- _ASSIGNMENT_
I would like the line with "Cartão Postal Comida" and every line after it, down to the end of the entries below, output exactly and without pictures.

---

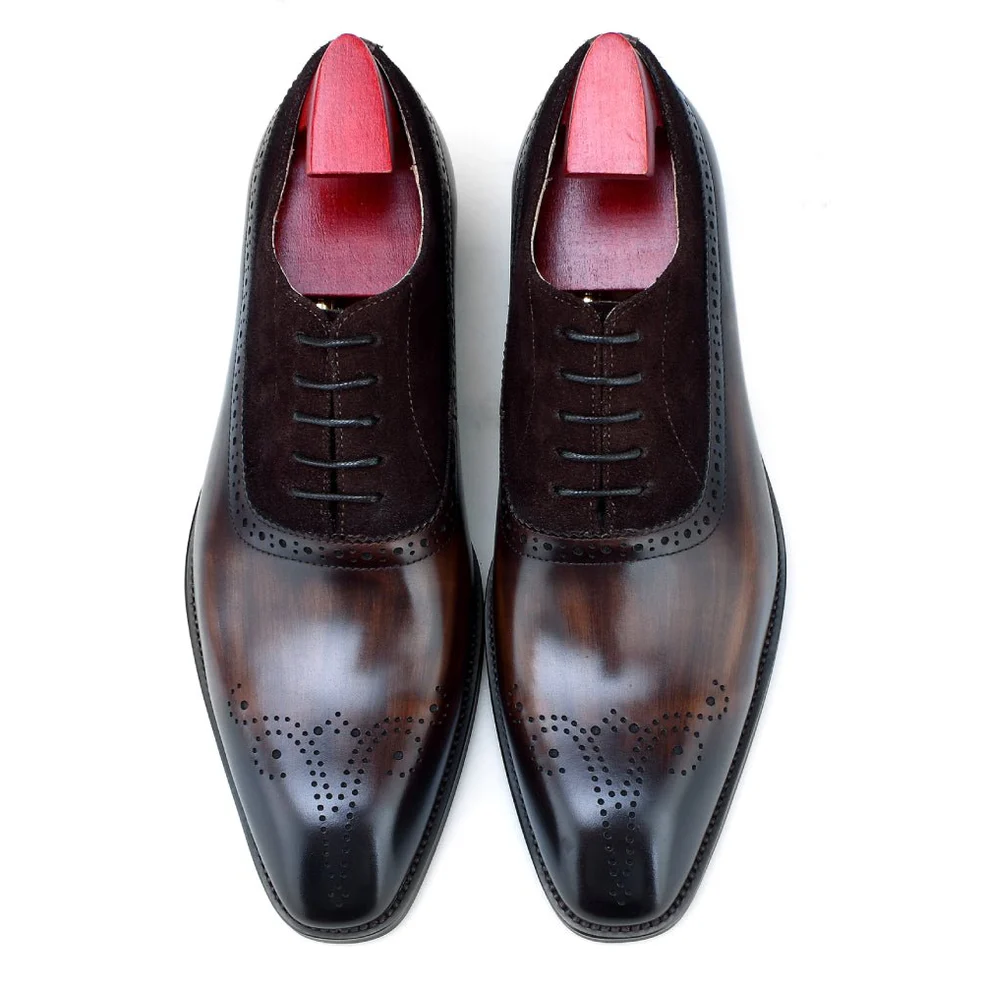 BROWN SQUARE TOE LACE UPS WITH SUEDE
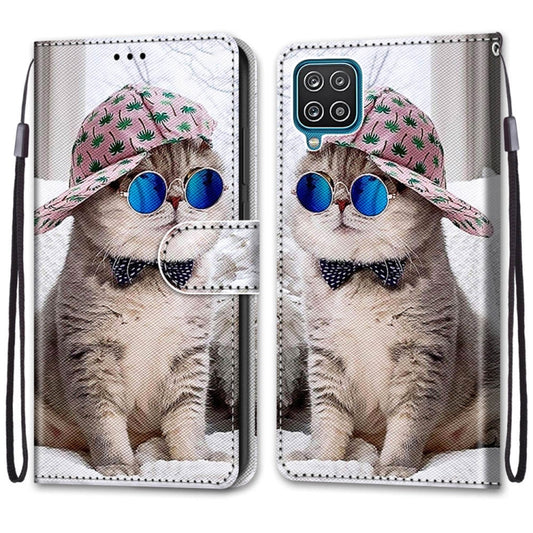 For Samsung Galaxy A12 / M12 Coloured Drawing Cross Texture Horizontal Flip PU Leather Case with Holder & Card Slots & Wallet & Lanyard(Slant Hat Blue Mirror Cat) by buy2fix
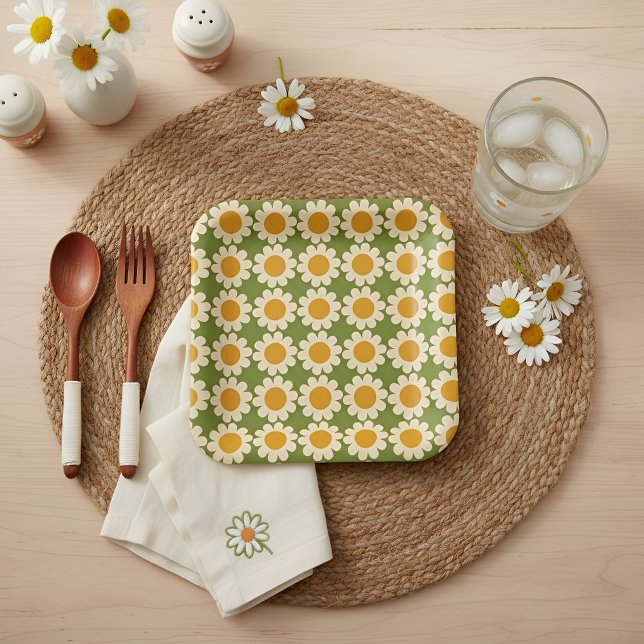 Plato De Papel Floral Retro Daisy Spring (Subido por el creador)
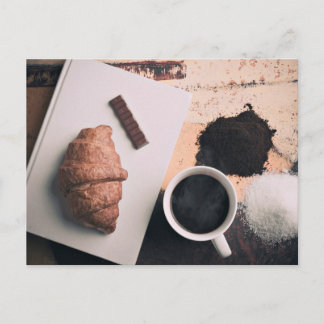 Cartão Postal Comida Pensava, Um Crossiant, Uma Fita De Chocolat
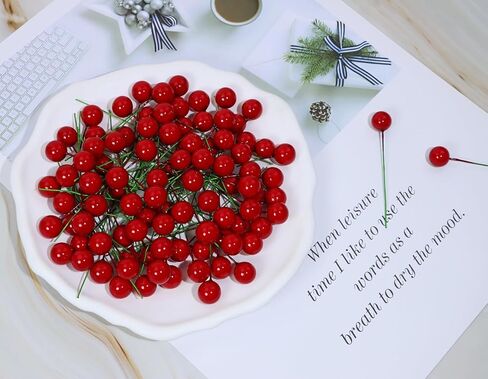 PENTA ANGEL Red Holly Berries 100Pcs Mini Christmas Artificial Holly Berries Stems for Xmas Wreath Tree Flower Craft Wedding Party Table Kitchen Wall Decor (Red, 1cm) in Saudi Arabia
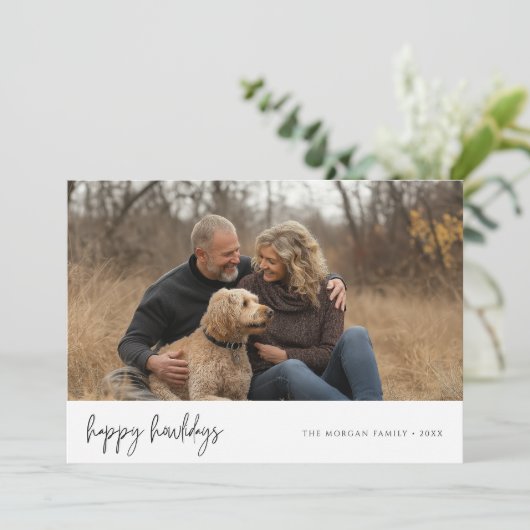 Christmas Happy Howlidays犬とのカップル写真 シーズンカード (スタンド正面)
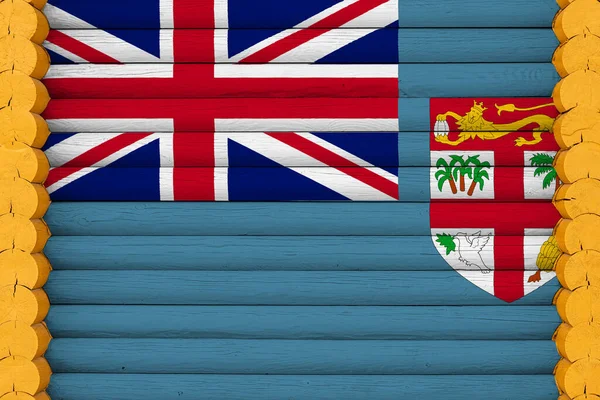 斐济国旗挂在木墙背景上 民族自豪感的概念和国家的象征 房屋上画的横幅 — 图库照片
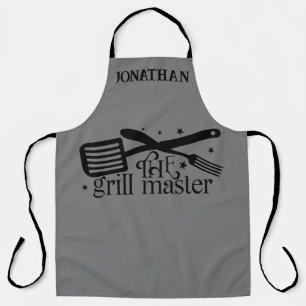 Grillmeister BBQ Koch Geschenk für ihn Name Schürze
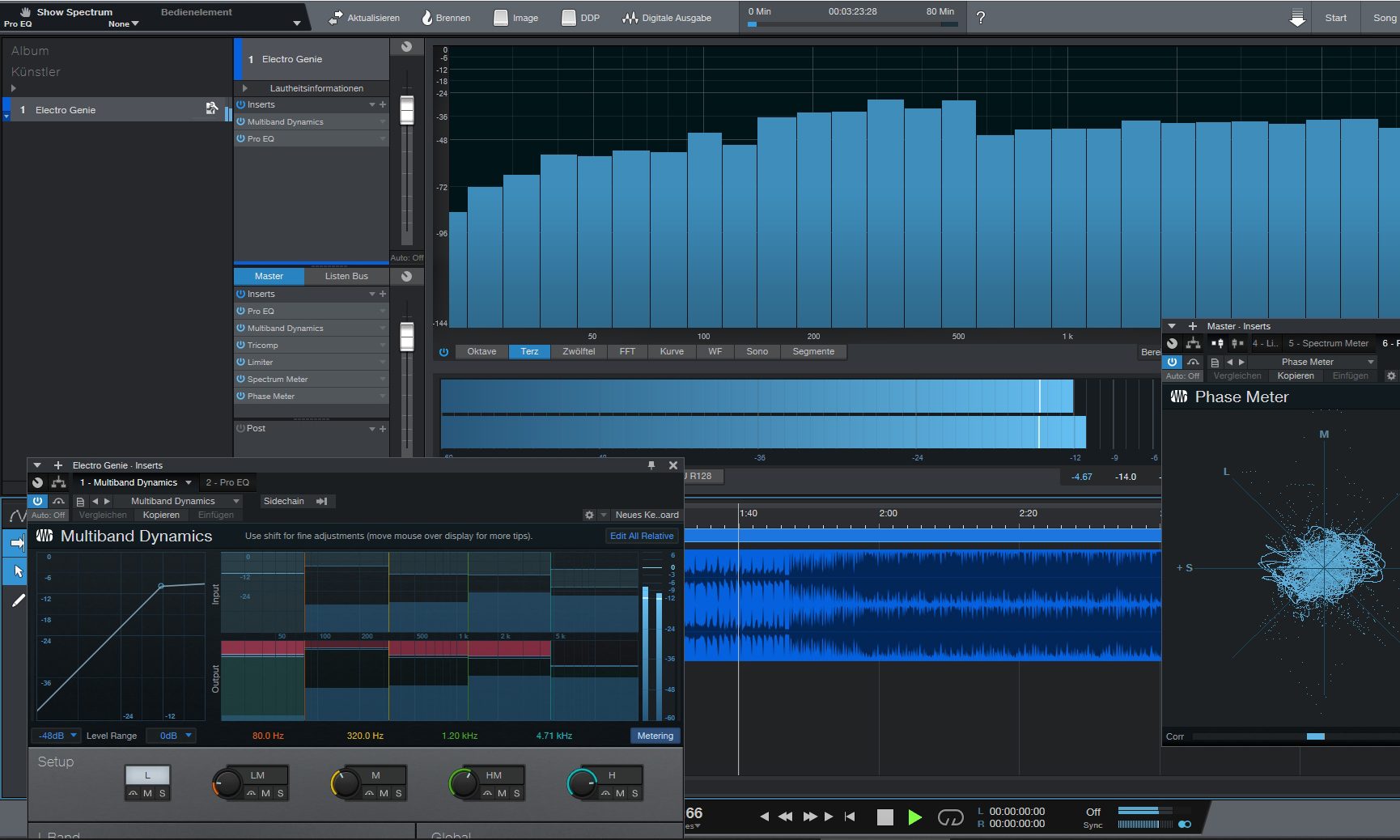  Studio One 5 Professional Mastering-Fenster.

---

- _TASK RESPONSE_
 Cartão Postal Comida Pensava, Um Crossiant, Uma Fita De Chocolat
 PENTA ANGEL Red Holly Berries 100Pcs Mini Christmas Artificial Holly Berries Stems for Xmas Wreath Tree Flower Craft Wedding Party Table Kitchen Wall Decor (Red, 1cm) in Saudi Arabia
 Christmas Happy Howlidays犬とのカップル写真 シーズンカード (スタンド正面)
 斐济国旗挂在木墙背景上 民族自豪感的概念和国家的象征 房屋上画的横幅 — 图库照片
 Grillmeister BBQ Koch Geschenk für ihn Name Schürze
  Studio One 5 Professional Mastering-Fenster.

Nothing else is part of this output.